Having graduated from editor of THISisGRAND.org to editor of the Books section of Time Out Chicago and with his work with The Dollar Store literary/comedy series, which he founded, and featherproof books, an independent local publisher, Jonathan Messinger has his hands more than full when it comes to participation in Chicago literature. For those familiar with his work, Hiding Out, Messinger’s first published collection of fictional short stories, comes with great anticipation. Small in size, but not lacking in originality or feeling, Hiding Out is filled to the brim, almost bursting out of its bound pages with stories of loneliness, of unrequited love, of the fear of aging, of curiosities and of mistakes in action, but above all these are stories full of those things that have felt true to all of us at some point in our lives.

It’s difficult to know exactly what the book’s title refers to. In the story for which it was named, Eamon Peterson is a lonely man who emails himself fake spam throughout the workday. When he enjoys a simple conversation with the female coworker in whom he maintains a shy interest, he makes up his mind to do something about it. Encouraged by email messages that he doesn’t quite remember writing himself, Eamon’s desires are quashed when he learns of the boyfriend that she, of course, already has. After learning that his boss, who attempts to prove his youth by jumping off his roof every birthday and claiming no injuries, was the one who sent the emails, Eamon agrees to exchange some company files with a client who desires to have his record cleaned. For the client, the transaction is nothing, but for Eamon, who has lived so for so long unnoticed on the sidelines, it is his chance to do something dangerous, out of the ordinary and just a little bit thrilling.

The phrase “hiding out” could easily refer to Eamon’s oft-ignored existence, but it could also refer to the protagonist of “True Hero,” a man who creates an elaborate costume to go to Halloween party where his ex-girlfriend will be, only to find that she’s moved on with a man who wears the male half of the costume they once created together. It could be the man in “You Never Forget,” a father who feels torn in chastising his son and his girlfriend for transgressions he felt justified to make in his own youth.
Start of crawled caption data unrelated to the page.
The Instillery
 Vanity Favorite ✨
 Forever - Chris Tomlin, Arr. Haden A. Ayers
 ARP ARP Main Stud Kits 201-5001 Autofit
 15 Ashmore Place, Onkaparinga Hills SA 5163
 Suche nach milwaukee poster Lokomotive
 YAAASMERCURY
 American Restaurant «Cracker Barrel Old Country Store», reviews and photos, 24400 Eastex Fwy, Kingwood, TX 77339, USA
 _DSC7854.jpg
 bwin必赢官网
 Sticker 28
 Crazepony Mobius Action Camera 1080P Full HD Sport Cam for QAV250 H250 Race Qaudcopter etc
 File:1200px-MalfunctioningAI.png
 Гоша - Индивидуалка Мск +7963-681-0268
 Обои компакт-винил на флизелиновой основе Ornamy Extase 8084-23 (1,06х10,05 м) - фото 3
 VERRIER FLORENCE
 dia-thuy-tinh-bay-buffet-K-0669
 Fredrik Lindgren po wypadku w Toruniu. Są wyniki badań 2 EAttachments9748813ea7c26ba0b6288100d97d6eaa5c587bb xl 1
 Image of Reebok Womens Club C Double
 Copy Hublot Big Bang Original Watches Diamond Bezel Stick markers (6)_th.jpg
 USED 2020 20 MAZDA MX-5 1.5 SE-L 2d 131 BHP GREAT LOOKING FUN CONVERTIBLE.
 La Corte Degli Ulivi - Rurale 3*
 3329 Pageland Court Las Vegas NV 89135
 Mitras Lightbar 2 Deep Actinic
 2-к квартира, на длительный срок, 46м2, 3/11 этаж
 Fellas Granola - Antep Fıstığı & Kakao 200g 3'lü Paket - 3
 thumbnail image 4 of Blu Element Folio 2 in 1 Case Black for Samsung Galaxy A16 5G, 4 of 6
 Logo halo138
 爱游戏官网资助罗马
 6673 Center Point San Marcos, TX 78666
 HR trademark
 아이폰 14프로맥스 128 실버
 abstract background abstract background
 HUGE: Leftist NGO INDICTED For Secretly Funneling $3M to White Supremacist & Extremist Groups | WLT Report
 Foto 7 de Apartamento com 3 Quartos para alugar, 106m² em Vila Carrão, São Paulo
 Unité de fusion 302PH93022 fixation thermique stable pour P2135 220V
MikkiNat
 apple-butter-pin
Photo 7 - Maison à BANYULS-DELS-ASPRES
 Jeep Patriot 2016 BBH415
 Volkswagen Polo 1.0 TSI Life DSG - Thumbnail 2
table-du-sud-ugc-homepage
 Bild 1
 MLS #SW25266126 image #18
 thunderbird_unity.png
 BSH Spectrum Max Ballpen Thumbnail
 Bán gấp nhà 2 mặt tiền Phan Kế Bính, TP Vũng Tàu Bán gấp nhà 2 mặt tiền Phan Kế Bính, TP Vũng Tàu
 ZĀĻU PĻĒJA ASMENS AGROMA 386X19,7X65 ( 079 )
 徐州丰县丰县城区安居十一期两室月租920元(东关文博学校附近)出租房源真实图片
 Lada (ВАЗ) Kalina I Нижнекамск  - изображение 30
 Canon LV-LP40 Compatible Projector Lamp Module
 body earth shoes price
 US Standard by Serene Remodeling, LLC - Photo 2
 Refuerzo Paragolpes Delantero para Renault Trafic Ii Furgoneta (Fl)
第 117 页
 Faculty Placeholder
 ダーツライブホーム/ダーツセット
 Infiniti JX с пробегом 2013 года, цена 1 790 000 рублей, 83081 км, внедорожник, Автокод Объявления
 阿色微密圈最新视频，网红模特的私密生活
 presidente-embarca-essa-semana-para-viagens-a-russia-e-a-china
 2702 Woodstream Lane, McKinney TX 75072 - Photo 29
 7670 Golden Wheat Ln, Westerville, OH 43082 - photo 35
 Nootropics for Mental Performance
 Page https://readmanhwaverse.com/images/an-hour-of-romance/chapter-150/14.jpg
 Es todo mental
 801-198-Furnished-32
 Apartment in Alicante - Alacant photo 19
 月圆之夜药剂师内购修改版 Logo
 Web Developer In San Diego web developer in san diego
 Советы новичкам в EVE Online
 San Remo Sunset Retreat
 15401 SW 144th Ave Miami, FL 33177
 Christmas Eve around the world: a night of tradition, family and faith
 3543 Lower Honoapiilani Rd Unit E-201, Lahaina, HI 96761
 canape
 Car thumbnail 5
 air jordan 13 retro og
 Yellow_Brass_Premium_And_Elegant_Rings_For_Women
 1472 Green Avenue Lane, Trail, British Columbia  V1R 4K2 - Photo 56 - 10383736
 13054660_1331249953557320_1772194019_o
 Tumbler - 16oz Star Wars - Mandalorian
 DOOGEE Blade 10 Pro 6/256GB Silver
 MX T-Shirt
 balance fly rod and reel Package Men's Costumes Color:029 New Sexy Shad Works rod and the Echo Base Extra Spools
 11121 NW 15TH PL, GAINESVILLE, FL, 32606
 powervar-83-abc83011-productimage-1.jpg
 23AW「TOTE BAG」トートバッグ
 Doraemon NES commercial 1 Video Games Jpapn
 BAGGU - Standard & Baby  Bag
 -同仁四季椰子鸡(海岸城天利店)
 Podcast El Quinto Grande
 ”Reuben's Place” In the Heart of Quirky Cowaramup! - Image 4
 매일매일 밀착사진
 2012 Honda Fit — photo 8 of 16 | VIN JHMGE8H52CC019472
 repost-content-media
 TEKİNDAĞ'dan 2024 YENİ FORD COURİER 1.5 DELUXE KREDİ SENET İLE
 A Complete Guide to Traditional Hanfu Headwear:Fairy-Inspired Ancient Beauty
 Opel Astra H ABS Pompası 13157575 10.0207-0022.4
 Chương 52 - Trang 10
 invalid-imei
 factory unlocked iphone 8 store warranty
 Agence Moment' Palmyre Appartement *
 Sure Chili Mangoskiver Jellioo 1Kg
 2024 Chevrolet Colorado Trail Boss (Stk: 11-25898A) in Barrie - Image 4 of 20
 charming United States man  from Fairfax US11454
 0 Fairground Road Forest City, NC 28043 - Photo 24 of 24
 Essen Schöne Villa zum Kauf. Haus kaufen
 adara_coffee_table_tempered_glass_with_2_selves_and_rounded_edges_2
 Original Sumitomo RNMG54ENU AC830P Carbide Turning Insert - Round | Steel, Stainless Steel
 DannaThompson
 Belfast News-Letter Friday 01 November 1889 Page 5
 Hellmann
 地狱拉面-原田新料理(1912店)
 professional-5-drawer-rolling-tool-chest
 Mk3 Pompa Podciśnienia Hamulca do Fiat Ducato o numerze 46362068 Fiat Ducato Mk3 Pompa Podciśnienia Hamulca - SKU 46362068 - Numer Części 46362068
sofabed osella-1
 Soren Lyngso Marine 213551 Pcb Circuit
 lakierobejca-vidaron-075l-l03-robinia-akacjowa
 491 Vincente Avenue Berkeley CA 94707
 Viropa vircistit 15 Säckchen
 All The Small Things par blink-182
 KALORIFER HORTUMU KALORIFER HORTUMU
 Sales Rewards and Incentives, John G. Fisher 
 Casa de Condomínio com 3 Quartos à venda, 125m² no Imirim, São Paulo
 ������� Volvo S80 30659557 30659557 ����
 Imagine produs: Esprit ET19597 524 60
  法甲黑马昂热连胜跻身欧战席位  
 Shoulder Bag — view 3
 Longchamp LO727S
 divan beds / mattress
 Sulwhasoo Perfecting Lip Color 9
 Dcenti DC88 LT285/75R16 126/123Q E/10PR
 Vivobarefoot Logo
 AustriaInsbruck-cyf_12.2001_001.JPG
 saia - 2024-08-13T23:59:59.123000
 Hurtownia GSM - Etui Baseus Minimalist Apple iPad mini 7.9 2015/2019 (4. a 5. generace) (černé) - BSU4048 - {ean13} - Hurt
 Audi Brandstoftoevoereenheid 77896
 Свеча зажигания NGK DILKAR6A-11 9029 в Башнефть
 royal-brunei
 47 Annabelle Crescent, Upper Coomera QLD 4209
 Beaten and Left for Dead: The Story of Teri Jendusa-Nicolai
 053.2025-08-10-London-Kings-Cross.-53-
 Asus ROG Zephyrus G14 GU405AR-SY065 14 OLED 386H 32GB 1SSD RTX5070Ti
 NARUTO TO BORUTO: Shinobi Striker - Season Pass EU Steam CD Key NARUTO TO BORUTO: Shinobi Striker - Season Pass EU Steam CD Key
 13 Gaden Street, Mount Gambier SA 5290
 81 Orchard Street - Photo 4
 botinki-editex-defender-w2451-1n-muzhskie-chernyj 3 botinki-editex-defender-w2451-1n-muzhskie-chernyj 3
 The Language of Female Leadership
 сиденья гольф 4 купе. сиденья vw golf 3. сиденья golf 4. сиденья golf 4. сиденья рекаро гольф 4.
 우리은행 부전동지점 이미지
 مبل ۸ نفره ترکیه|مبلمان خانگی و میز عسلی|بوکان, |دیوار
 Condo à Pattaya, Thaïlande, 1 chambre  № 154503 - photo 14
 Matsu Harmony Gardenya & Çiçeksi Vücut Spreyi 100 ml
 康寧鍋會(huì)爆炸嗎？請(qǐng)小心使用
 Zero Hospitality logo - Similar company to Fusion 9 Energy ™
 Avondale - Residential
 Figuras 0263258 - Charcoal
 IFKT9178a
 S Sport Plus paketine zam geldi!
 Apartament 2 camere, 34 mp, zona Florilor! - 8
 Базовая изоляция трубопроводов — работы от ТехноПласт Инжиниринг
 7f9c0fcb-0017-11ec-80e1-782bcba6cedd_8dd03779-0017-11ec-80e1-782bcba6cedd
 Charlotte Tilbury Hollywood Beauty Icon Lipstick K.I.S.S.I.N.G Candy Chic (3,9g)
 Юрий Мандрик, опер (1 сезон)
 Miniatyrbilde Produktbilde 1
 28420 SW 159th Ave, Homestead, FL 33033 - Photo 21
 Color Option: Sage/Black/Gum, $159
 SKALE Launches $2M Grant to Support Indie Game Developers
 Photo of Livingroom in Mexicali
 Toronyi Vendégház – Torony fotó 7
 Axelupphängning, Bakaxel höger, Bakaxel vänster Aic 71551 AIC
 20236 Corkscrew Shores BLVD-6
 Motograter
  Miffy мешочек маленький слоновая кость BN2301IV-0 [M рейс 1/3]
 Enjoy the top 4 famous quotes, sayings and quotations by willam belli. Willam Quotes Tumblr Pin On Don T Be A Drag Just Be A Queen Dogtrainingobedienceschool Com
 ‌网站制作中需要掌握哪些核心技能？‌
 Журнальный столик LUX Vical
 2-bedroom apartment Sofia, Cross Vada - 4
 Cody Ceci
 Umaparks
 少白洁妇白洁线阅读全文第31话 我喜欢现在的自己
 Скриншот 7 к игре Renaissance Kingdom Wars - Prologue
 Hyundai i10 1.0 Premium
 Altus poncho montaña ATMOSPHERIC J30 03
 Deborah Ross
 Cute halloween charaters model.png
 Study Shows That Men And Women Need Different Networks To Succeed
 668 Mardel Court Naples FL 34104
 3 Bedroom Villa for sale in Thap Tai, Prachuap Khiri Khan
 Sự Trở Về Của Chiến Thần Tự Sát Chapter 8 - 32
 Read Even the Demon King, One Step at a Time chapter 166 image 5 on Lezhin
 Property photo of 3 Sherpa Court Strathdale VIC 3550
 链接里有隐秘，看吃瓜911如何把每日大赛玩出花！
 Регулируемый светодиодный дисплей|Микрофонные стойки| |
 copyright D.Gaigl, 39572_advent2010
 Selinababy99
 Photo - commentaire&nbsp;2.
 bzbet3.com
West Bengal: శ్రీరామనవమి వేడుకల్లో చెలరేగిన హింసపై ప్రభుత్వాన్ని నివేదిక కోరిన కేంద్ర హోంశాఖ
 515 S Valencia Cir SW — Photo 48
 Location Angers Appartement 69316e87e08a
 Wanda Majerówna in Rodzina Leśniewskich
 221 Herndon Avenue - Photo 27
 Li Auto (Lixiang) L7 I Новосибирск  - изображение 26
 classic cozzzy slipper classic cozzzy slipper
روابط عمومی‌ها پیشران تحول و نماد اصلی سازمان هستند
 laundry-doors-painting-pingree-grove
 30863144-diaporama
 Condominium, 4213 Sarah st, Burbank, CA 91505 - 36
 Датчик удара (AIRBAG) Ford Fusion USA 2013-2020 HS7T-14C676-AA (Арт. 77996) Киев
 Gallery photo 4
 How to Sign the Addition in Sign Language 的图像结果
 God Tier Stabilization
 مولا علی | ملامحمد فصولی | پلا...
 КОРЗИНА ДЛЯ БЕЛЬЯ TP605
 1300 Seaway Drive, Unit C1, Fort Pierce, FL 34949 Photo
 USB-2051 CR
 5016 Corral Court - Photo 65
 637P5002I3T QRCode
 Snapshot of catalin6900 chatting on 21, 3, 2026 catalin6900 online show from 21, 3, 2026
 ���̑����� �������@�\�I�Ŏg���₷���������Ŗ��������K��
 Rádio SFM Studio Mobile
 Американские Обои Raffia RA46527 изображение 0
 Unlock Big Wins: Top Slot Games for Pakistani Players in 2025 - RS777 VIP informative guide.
It could be the teenager in “One Valve Opens,” who excels at school and is the star of his Poetry Slam Club, but who does not necessarily want his defining characteristic to be that that he is a black student living in the suburbs. It could be the unfortunate casual soccer player in “Bicycle Kick” whose life could either be altered completely or remain entirely the same with the discovery of inoperable twin aneurysms. All of these characters are hiding from something, if only from themselves, but it is their inability to do so that makes them so real.

At times funny yet wrenching, simple yet perfectly detailed, the stories in Hiding Out make us think about what it means when we try to be something we’re not and, conversely, when others perceive us to be something other than who we are. The illustrations that start each chapter (provided by Rob Funderburk) are a flawless complement to Messinger’s stories. They are amusing asides, but possess an almost desperate air to them – what, or who, are these figures trying to hide? The stories in Hiding Out may not provide answers to these questions, but they ask them with heart and with humor and with a sense of urgency, a feeling that these stories must be told. From the very first story, tucked neatly on the publisher’s page, to the last, secreted away underneath the book’s final description, the entirety of Hiding Out is an absorbing read. For a first-time author who could conceivably coast on his past merits, Messinger does not take the easy way out. He does not disappoint.